So I didn’t. I joined a fraternity. I chased girls. I learned how to chug beers
and bury feelings. I tried very, very hard to be what I thought a man was
supposed to be.
Spoiler:
I wasn’t very good at it.
I
didn’t write this book to make myself look good. I couldn’t if I tried. I was
insecure, needy, petty, cowardly, and cruel when I thought it would keep me
safe. I hurt people. I ghosted people. I threw good things away because I was
afraid someone would see through me. And I hated myself for it. For lying.
To everybody. For my silence.
I
hated myself a lot.
But
that silence, that pretending—it’s part of the story. It shaped every relationship, every misstep,
every small triumph.
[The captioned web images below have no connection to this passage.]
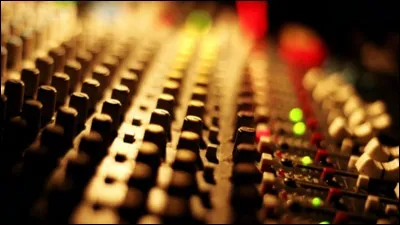 Elle ... pour la musique.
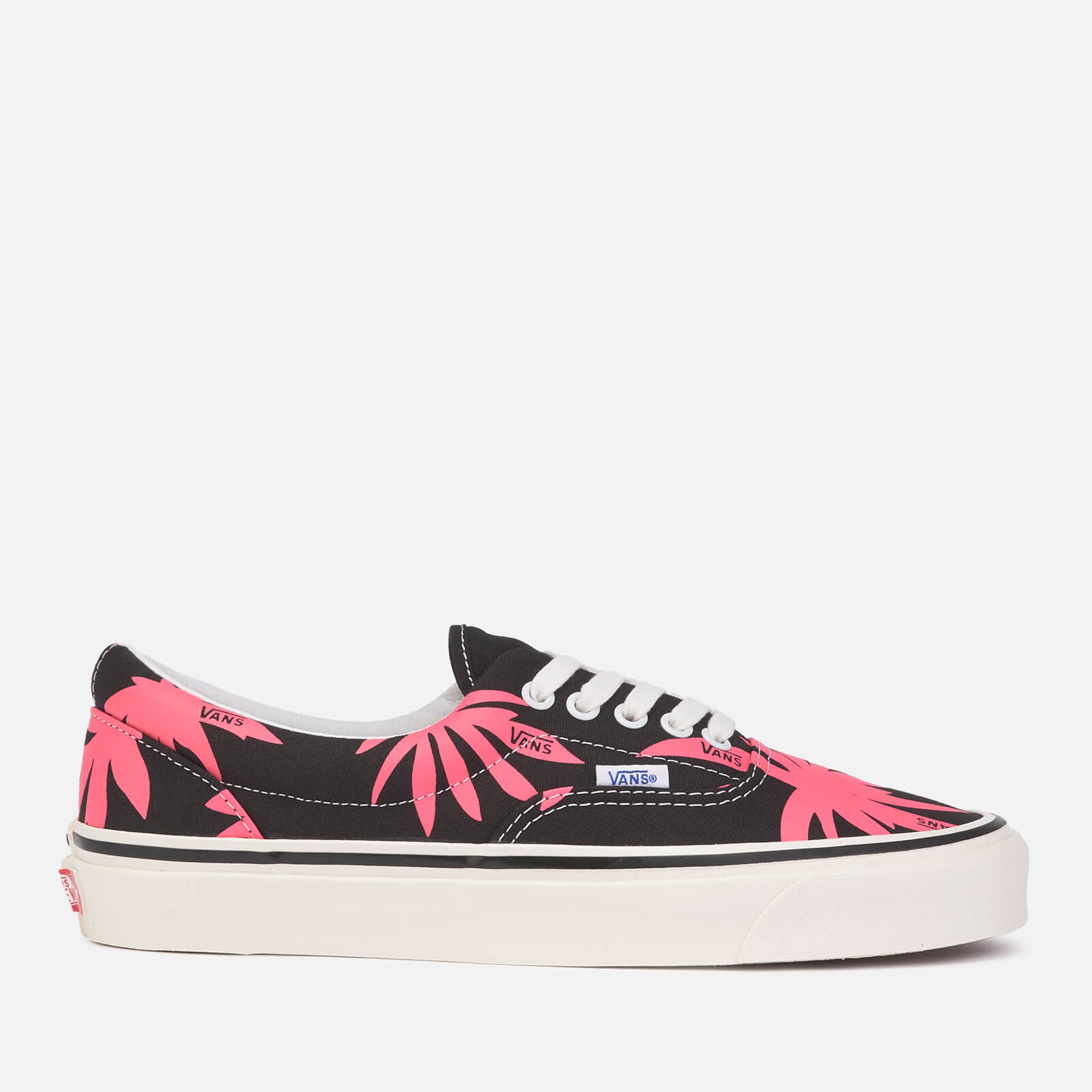 Black & pink vans online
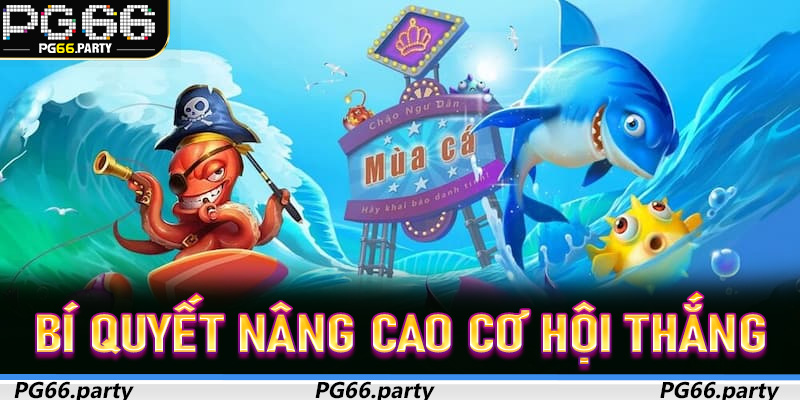 Khuyến Mãi Bắn Cá – Cơ hội vàng cho game thủ trên PG66 7 Bí quyết nâng cao cơ hội thắng khi áp dụng khuyến mãi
If you read between the lines, you’ll see the cracks.
You’ll hear the longing. You’ll understand the “shame” I couldn’t name because
I didn’t have the words. Or the courage.
And if you
were there—if you knew me then—I hope you’ll read with grace. I don’t write
this to embarrass anyone. I write it because the past deserves to be told
honestly. Because I’m tired of pretending. Because, for all its flaws, this
story is mine. And if you deserve an
apology, as some do, please know how sorry I am.
The story
is about brotherhood. About desire. About trying to belong in a world that felt
like it was never built for someone like me. It’s about growing up in the
1980s, under Reagan, AIDS, and the eternal war between cassettes and vinyl. “Tastes
Great” and “Less Filling.” It’s about Skull House and Crow House, about
parties, betrayals, and those tiny moments of connection that made everything
bearable. It’s about the people who
shaped me, whether they knew it or not—and probably wish they didn’t.
It’s about
a college boy who thought he was writing a coming-of-age story searching for
answers, and a woman who finally found her way back to finish it decades later.
And yeah,
there’s music. Always music. If you want to understand the 1980s, you need to
hear the beat. The Devil Inside that moved us all.
What you’ll
read is what I wrote Before, with a needed heavy edit, and with commentary and
observations from After. That After
solved the puzzle. That After has no
more secrets. And that before- that
after- that’s where the Truth awaits.
Let me
tell you a story.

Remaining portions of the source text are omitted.